**TASK BRIEF:** From the data below, copy exactly the lines that lie between the one holding "map of restaurants, bars, coffee" and the one holding "Forever New Purple", including both, and nothing more.

(Short descriptive text snippets)

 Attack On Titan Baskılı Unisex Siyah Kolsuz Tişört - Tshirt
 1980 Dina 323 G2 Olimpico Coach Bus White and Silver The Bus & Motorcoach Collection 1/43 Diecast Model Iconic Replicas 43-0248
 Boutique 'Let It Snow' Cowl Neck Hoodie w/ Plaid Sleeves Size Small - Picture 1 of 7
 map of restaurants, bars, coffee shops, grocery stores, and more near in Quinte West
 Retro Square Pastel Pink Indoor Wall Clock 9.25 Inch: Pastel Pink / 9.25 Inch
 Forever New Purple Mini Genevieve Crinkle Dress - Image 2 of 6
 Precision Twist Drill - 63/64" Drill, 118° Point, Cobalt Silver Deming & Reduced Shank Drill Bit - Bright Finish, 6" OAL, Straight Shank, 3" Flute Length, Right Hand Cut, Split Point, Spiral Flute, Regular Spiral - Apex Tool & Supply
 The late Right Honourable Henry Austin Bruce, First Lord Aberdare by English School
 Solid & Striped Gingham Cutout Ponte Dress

**RESPONSE AREA:**
 map of restaurants, bars, coffee shops, grocery stores, and more near in Quinte West
 Retro Square Pastel Pink Indoor Wall Clock 9.25 Inch: Pastel Pink / 9.25 Inch
 Forever New Purple Mini Genevieve Crinkle Dress - Image 2 of 6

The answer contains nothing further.